◆ Aim of the exercise: From the first line to the last, return the data exactly, with no pictures.

═══ Supplied records ═══

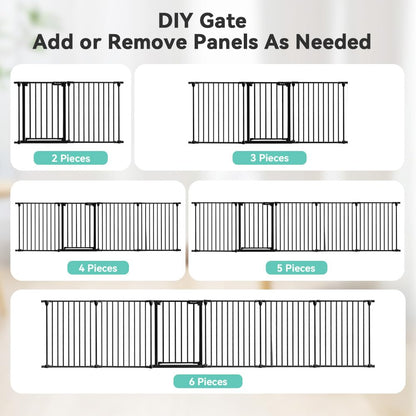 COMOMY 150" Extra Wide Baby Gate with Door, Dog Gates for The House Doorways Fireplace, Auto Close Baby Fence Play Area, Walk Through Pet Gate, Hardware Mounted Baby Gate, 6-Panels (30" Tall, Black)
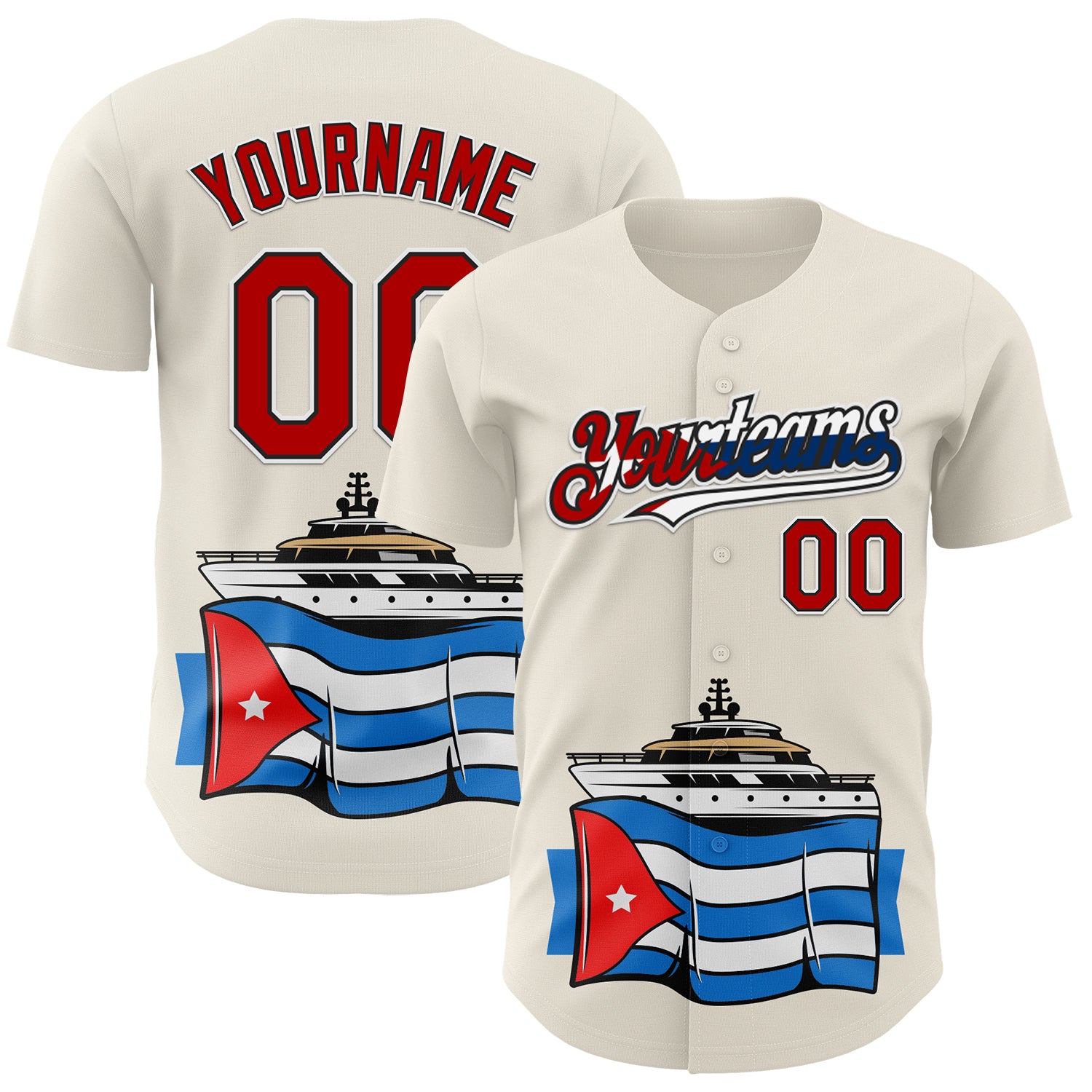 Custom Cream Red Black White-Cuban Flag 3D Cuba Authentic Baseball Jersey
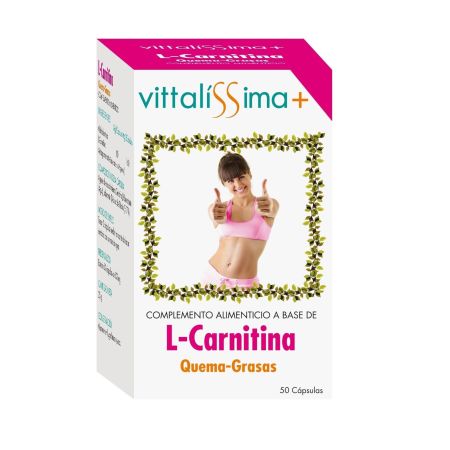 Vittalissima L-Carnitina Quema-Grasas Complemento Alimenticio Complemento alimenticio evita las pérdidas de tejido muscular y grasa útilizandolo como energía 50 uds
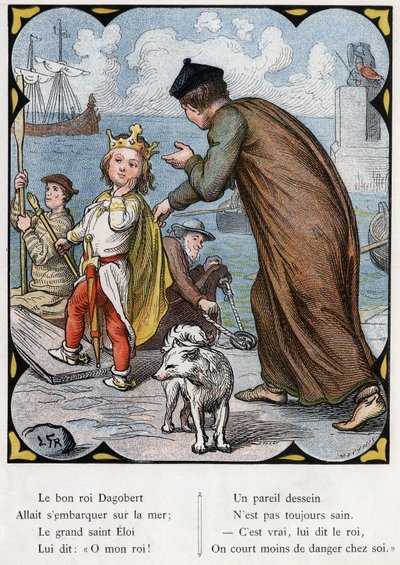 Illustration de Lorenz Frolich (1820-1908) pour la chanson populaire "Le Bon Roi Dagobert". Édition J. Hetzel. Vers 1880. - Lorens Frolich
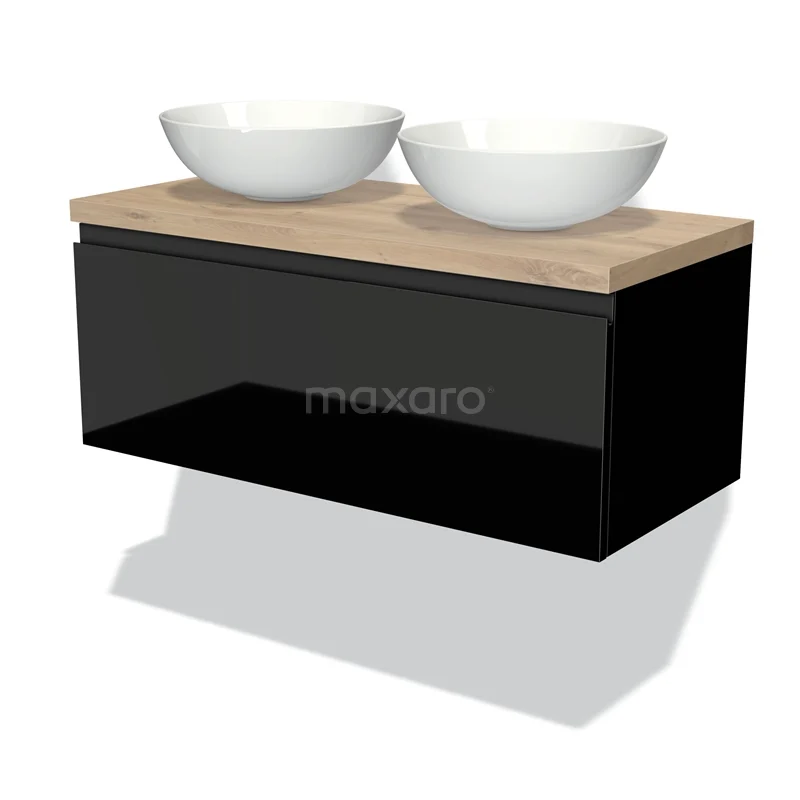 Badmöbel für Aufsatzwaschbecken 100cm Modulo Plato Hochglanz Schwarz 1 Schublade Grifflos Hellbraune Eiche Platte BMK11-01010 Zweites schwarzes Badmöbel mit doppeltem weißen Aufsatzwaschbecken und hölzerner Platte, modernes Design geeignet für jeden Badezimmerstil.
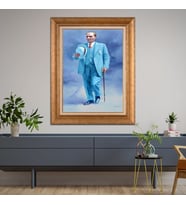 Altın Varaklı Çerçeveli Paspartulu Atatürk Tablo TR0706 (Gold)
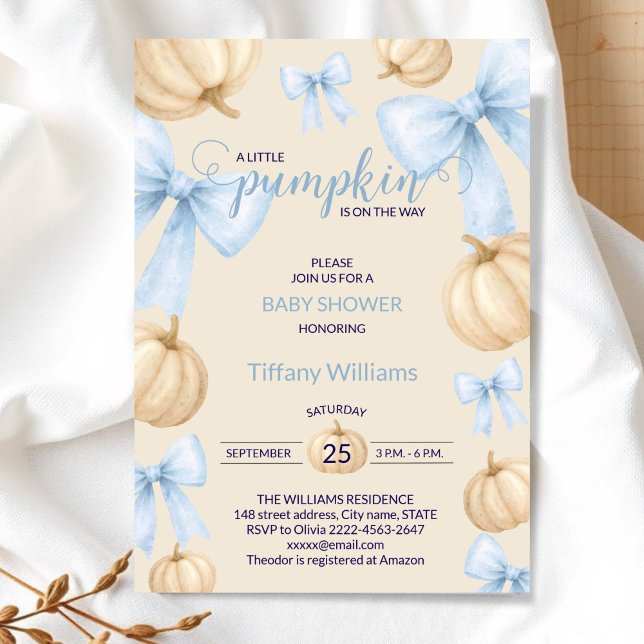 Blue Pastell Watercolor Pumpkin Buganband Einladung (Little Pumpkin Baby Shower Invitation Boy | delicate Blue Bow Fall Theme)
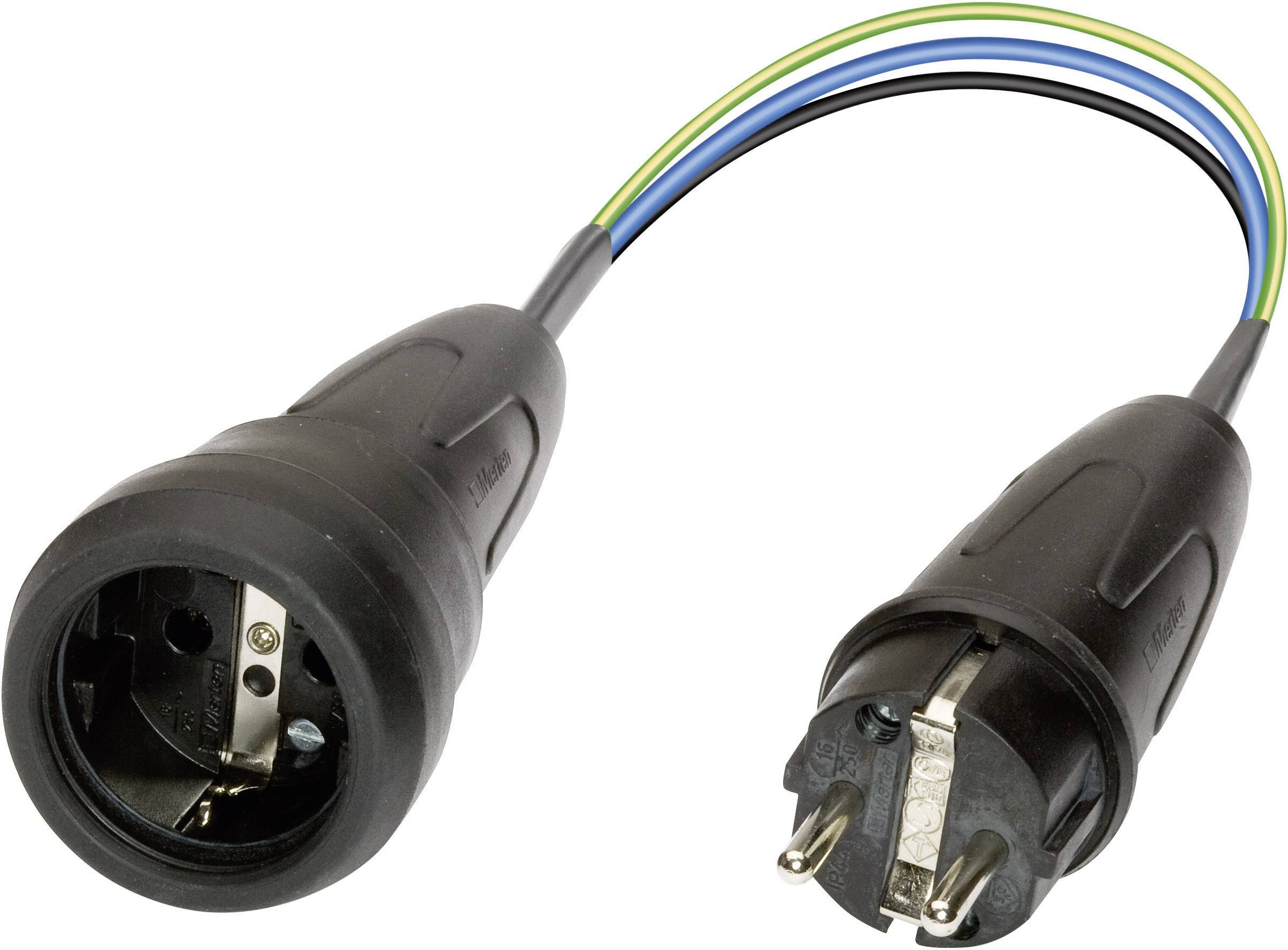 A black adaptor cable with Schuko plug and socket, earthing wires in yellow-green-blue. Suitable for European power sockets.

═══

◆ Task answer:
 COMOMY 150" Extra Wide Baby Gate with Door, Dog Gates for The House Doorways Fireplace, Auto Close Baby Fence Play Area, Walk Through Pet Gate, Hardware Mounted Baby Gate, 6-Panels (30" Tall, Black)
 Custom Cream Red Black White-Cuban Flag 3D Cuba Authentic Baseball Jersey
 Vittalissima L-Carnitina Quema-Grasas Complemento Alimenticio Complemento alimenticio evita las pérdidas de tejido muscular y grasa útilizandolo como energía 50 uds
 Illustration de Lorenz Frolich (1820-1908) pour la chanson populaire "Le Bon Roi Dagobert". Édition J. Hetzel. Vers 1880. - Lorens Frolich
 Badmöbel für Aufsatzwaschbecken 100cm Modulo Plato Hochglanz Schwarz 1 Schublade Grifflos Hellbraune Eiche Platte BMK11-01010 Zweites schwarzes Badmöbel mit doppeltem weißen Aufsatzwaschbecken und hölzerner Platte, modernes Design geeignet für jeden Badezimmerstil.
 Altın Varaklı Çerçeveli Paspartulu Atatürk Tablo TR0706 (Gold)
 Blue Pastell Watercolor Pumpkin Buganband Einladung (Little Pumpkin Baby Shower Invitation Boy | delicate Blue Bow Fall Theme)
 A black adaptor cable with Schuko plug and socket, earthing wires in yellow-green-blue. Suitable for European power sockets.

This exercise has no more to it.